The lab has also housed countless other workers and technicians over the years—one even in the literal sense. “We recently met a gentleman who used to work as a morgue tech, and he lived in a room down here for a few months,” Shipp laughs. “He actually lived here; it was only for a short period of time, back in the late ‘60s, but he made a wall of paper towel and toilet paper, and made a bed for himself. He later went on to be a medical examiner in San Francisco. And he said, ‘Oh yeah, I can always tell when the morgue is being used as a location in movies or TV. See that dent right here? It’s from when Glen McDonald threw a bottle of whiskey at my head.’”

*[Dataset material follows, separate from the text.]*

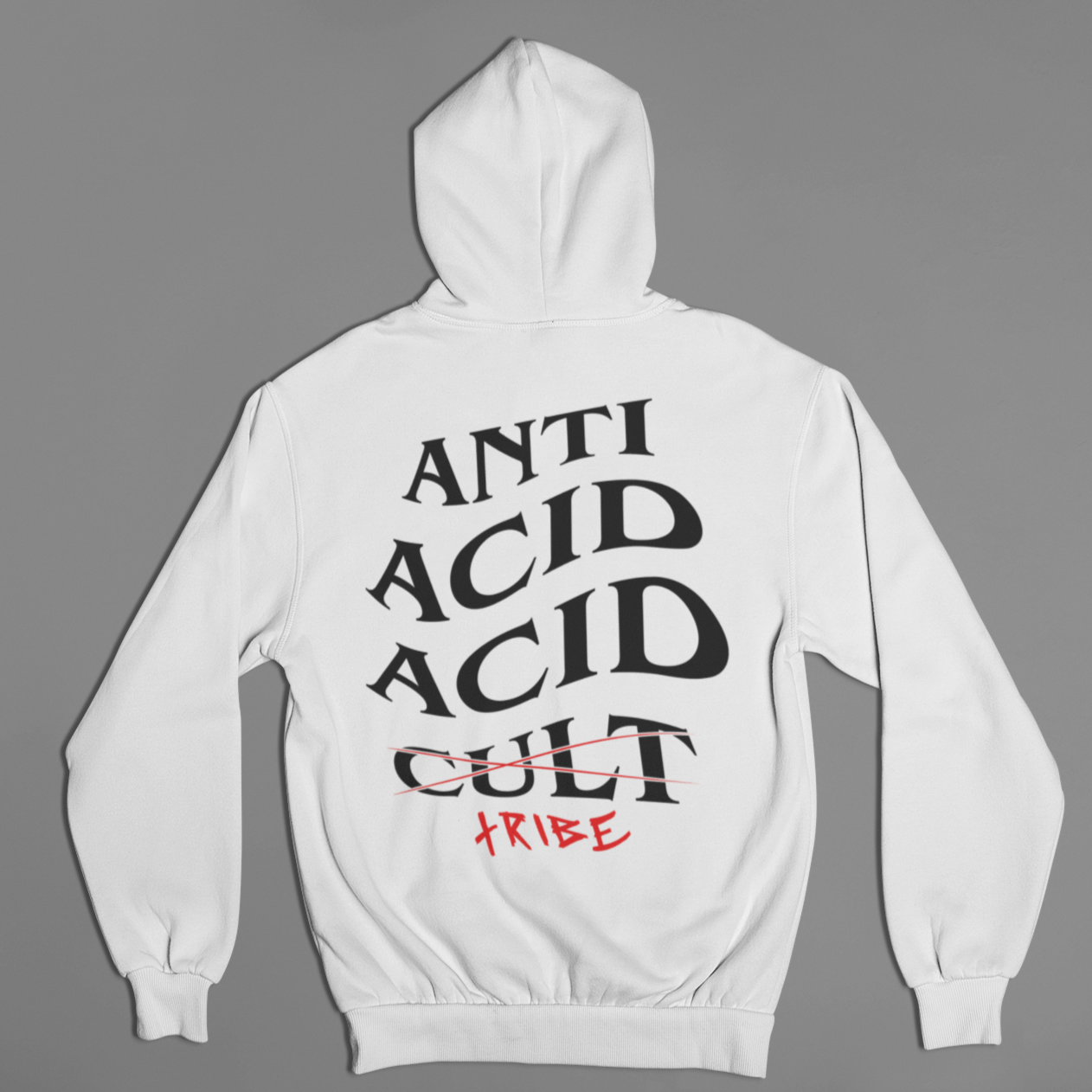 Anti Acid Acid Tribe Unisex Hoodie (White)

While the Coroner’s Court moved out in 1980, the Analyst’s Lab remained—underneath the functioning museum—until 1996, when its operations were decentralized. In the interim, it was used as a filming location for such shows as Cold Squad, The X-Files, and Da Vinci’s Inquest. Today, the Vancouver Police Museum is one of the few institutions of its kind that functions without any direct involvement from the city or the police department; it’s kept alive through Shipp’s knack for writing grants, a dedicated team of staff and volunteers, in-kind support (the city provides the building, for example), and donations.
These days, the lower floors are seen even less often by the general public; in contrast to past decades, filming is kept to a minimum—something both Shipp and the city support. And as the collection expands, as annual reports are filed away, as antique books are packed into paper and boxes in temperature-controlled rooms, the character of the former Coroner’s Court is changing rapidly. But for now, for those lucky enough to see it, it’s a fascinating glimpse into an era of police work long since past—and the eclectic cast of characters tasked with speaking on behalf of the dead.
“People come in expecting the morgue to be this weird, creepy, scary place,” Shipp says, “but I feel like it was more of a family atmosphere. There was a real sense that they were trying to tell the stories of those who couldn’t tell them themselves. The coroner worked in conjunction with the morgue staff, the pathologist; and the Analyst’s Lab was right below, the police station was next door. There was this beautiful symmetry that happened between the organizations. And that’s something that’s been lost today.”